The judge overseeing Donald Trump’s “hush money” trial in Manhattan slapped a gag order on the 45th President Tuesday afternoon. The gag order forbids Trump from making any statements against plaintiff Stormy Daniels, or against witnesses or prosecutors in the case. ABC News contributor Sarah Isgur calls the gag order an unusual step in the trial, but, as she described Trump’s legal woes for 710 WOR’s Len Berman and Michael Riedel in the Morning program, “unusual” is an understatement for a court case involving Trump.
“They are going to put this gag order on, and it says that Donald Trump can’t talk about any witnesses, staff, anyone involved in this trial, except for the prosecutor,” Isgur explained to Berman and Riedel. “Now you’re basically saying, okay if he violates this gag order, what are you going to do? Gag orders in general are highly disfavored by courts because, obviously, criminal defendants have a right to speak. It’s why most gag orders actually aren’t against the defendants, they’re against the prosecution. Of course, [there are] lots of unusual things for Trump to complain about.”
Isgur says she uses an analogy comparing Trump to Paul Scofield to describe the gag order: “This is ‘A Man for All Seasons,’ this is Thomas More back in the Tudor era, saying, ‘Would you cut down all the trees to get to the Devil?’ and [Roper] is like, yeah for sure, it’s the Devil… ‘And then, when the Devil turns around, where will you hide, all the trees and all the laws of England being laid flat?’ The law is there to protect all of us, and if you’re willing to get around it to get Donald Trump, none of us are then protected by it.”

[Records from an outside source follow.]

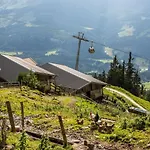 Chalet Rabl, * 韦斯滕多夫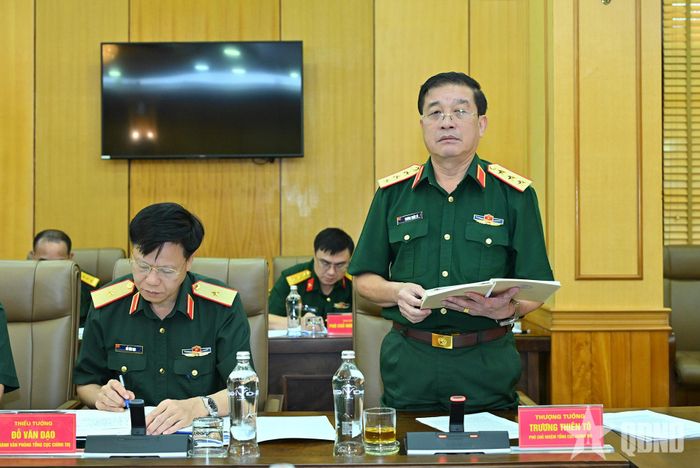 Thượng tướng Trương Thiên Tô phát biểu tại hội nghị.  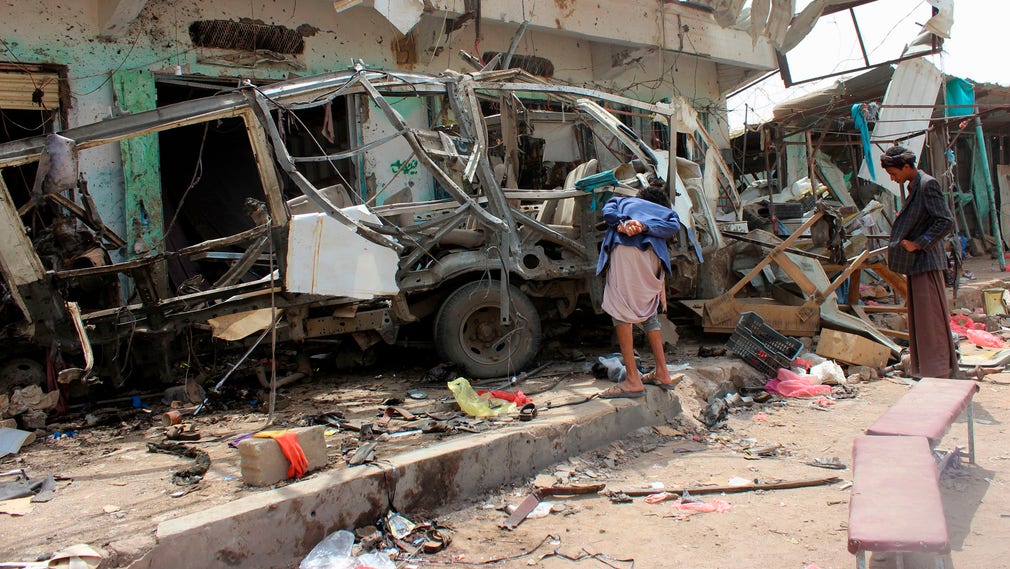 Den förstörda bussen efter en flygattack i staden Saada där minst 29 barn dog förra torsdagen.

Isgur also gave a synopsis on Trump’s other legal travails, including the Georgia election fraud case: “That’s the one with Fani Willis that at this point has been, I think unfortunately, so discredited because of her actions. We’re still looking at delays in that trial. Donald Trump is now able to appeal the decision by that judge to not remove Fani Willis, so that whole swirl around her “terrible choices”, as the judge referred to them, ‘tremendous bad judgement’ and the ‘odor of mendacity,’ that’s going to continue in Georgia.”